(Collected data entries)
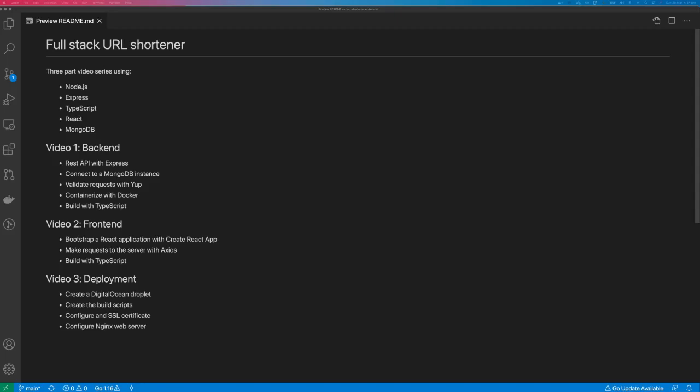So please join me as we create this full-stack URL shortener, and I'll see you in video one.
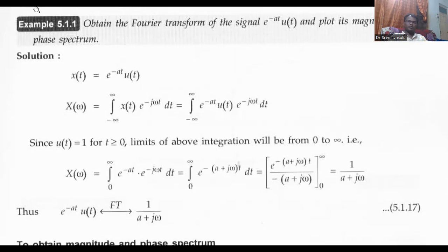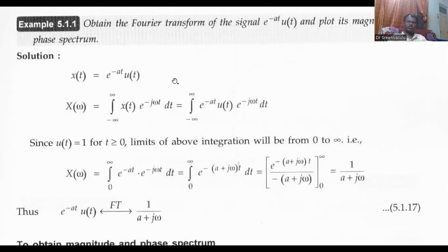It is a non-periodic signal. If you draw this signal e power minus a t, u of t — u of t is equal to 1 for time t greater than or equal to 0, so it is extended from 0 to infinity. At time t equal to 0, e power minus 0 is 1, so we get the maximum value of 1. For different values of t, it goes on decreasing by selecting a proper value of a, and at t equal to infinity it reaches 0. So it is an exponentially decaying signal, and there is no periodicity — it is a non-periodic signal.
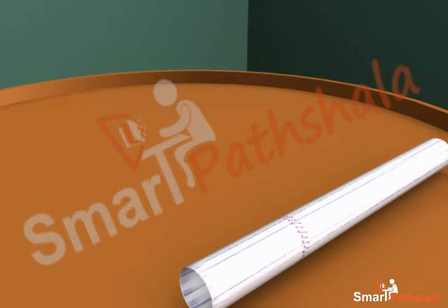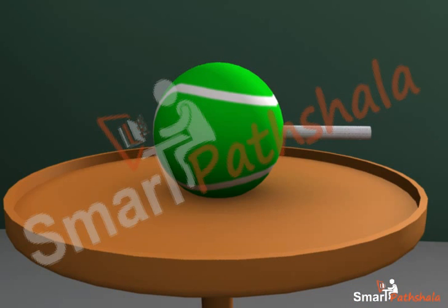The rounded end of one bone fits into the cavity of the other bone. Such a joint allows movements in all directions.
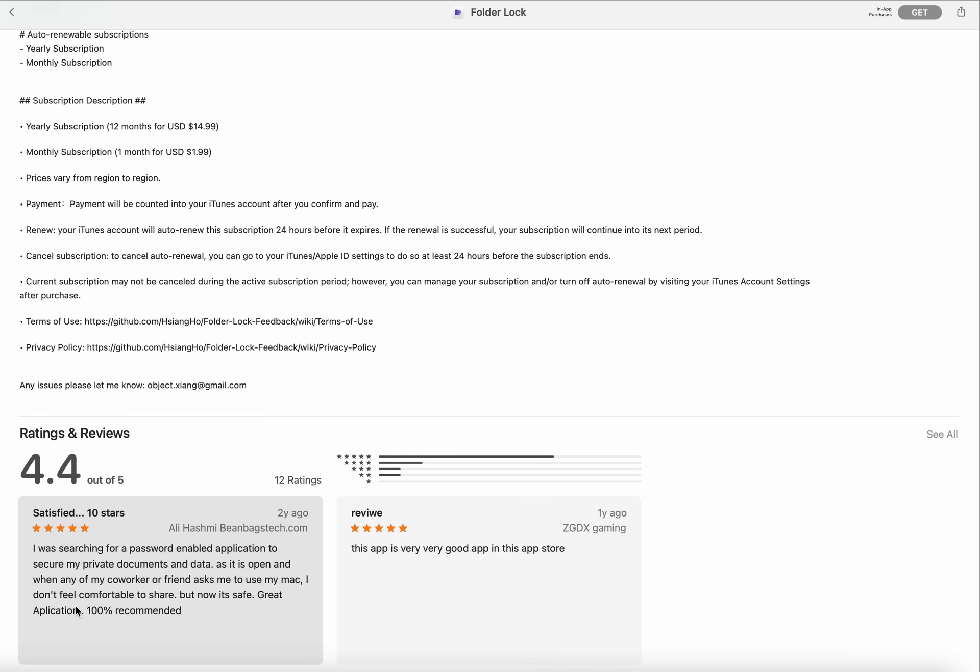If the renewal is successful, your subscription will continue into the next period. Cancel subscription: to cancel auto-renew, you can go to your iTunes Apple ID settings to do so at least 24 hours before the subscription ends. Current subscription may not be cancelled during the active subscription period. However, you can manage your subscription and turn off auto-renewal by visiting your iTunes account setting after purchase.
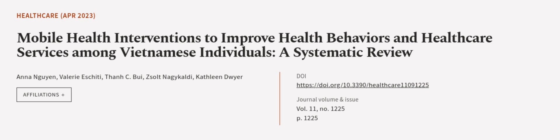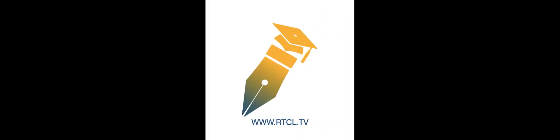This article was authored by Anne Nguyen, Valeria Eksidti, Thanh C. Bui, Zsofi Mgyarlaki, Kathleen Dwyer and others. WeAreArticle.tv, links in the description below.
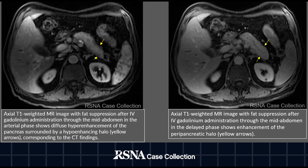20 days later, a contrast-enhanced MRI was performed. In these axial images, we can see the enhancement of the peripancreatic halo in the delayed phase, shown by the yellow arrows on the right image, compared to the image on the left, which was acquired in the arterial phase.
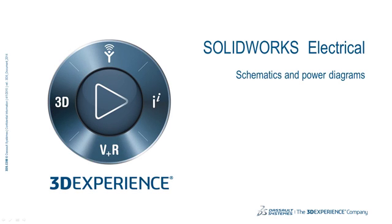Welcome to the SOLIDWORKS Electrical Video Series. In this video, we will cover schematics and power diagrams.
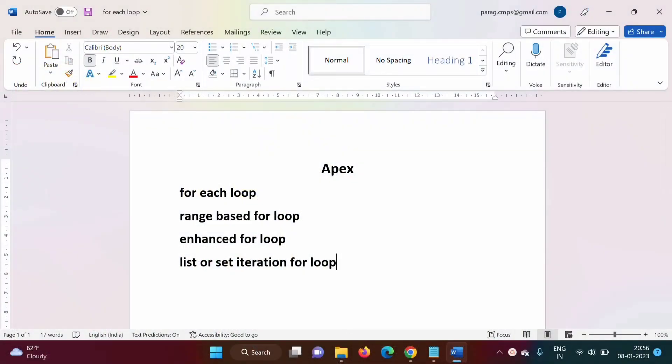Hello friends, welcome to my channel, Mycel Parag Jambulkar. In the last video, we have seen how to implement loop structure in Apex programming language. We have seen that loop structure can be implemented by using for, while, or do-while.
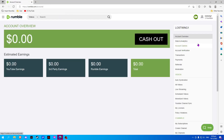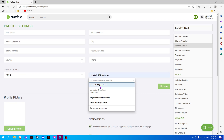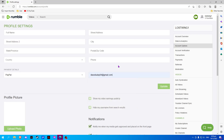Now on the right side, select Account Options. Here on the payment details, we can see PayPal. We simply input our PayPal email address and update.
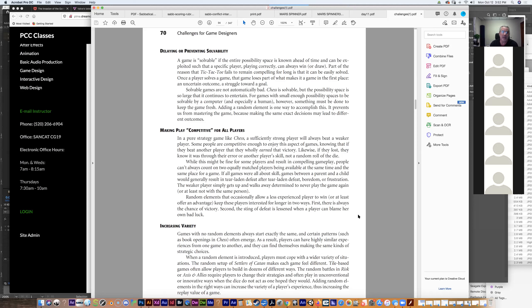In a pure strategic game like chess, a sufficiently strong player will always beat a weaker player. Some people enjoy knowing they wholly earned a victory. But people can't always count on two equally matched players being available. If all games were about skill, games between a parent and child would generally result in tear-laden defeats and frustration — boredom, the kids don't want to play anymore. That's probably not the way you want to go.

## Exercise directions
Could you write out the records again exactly, omitting each image?

## Written answer
So please join me as we create this full-stack URL shortener, and I'll see you in video one.
It is a non-periodic signal. If you draw this signal e power minus a t, u of t — u of t is equal to 1 for time t greater than or equal to 0, so it is extended from 0 to infinity. At time t equal to 0, e power minus 0 is 1, so we get the maximum value of 1. For different values of t, it goes on decreasing by selecting a proper value of a, and at t equal to infinity it reaches 0. So it is an exponentially decaying signal, and there is no periodicity — it is a non-periodic signal.
The rounded end of one bone fits into the cavity of the other bone. Such a joint allows movements in all directions.
If the renewal is successful, your subscription will continue into the next period. Cancel subscription: to cancel auto-renew, you can go to your iTunes Apple ID settings to do so at least 24 hours before the subscription ends. Current subscription may not be cancelled during the active subscription period. However, you can manage your subscription and turn off auto-renewal by visiting your iTunes account setting after purchase.
This article was authored by Anne Nguyen, Valeria Eksidti, Thanh C. Bui, Zsofi Mgyarlaki, Kathleen Dwyer and others. WeAreArticle.tv, links in the description below.
20 days later, a contrast-enhanced MRI was performed. In these axial images, we can see the enhancement of the peripancreatic halo in the delayed phase, shown by the yellow arrows on the right image, compared to the image on the left, which was acquired in the arterial phase.
Welcome to the SOLIDWORKS Electrical Video Series. In this video, we will cover schematics and power diagrams.
Hello friends, welcome to my channel, Mycel Parag Jambulkar. In the last video, we have seen how to implement loop structure in Apex programming language. We have seen that loop structure can be implemented by using for, while, or do-while.
Now on the right side, select Account Options. Here on the payment details, we can see PayPal. We simply input our PayPal email address and update.
In a pure strategic game like chess, a sufficiently strong player will always beat a weaker player. Some people enjoy knowing they wholly earned a victory. But people can't always count on two equally matched players being available. If all games were about skill, games between a parent and child would generally result in tear-laden defeats and frustration — boredom, the kids don't want to play anymore. That's probably not the way you want to go.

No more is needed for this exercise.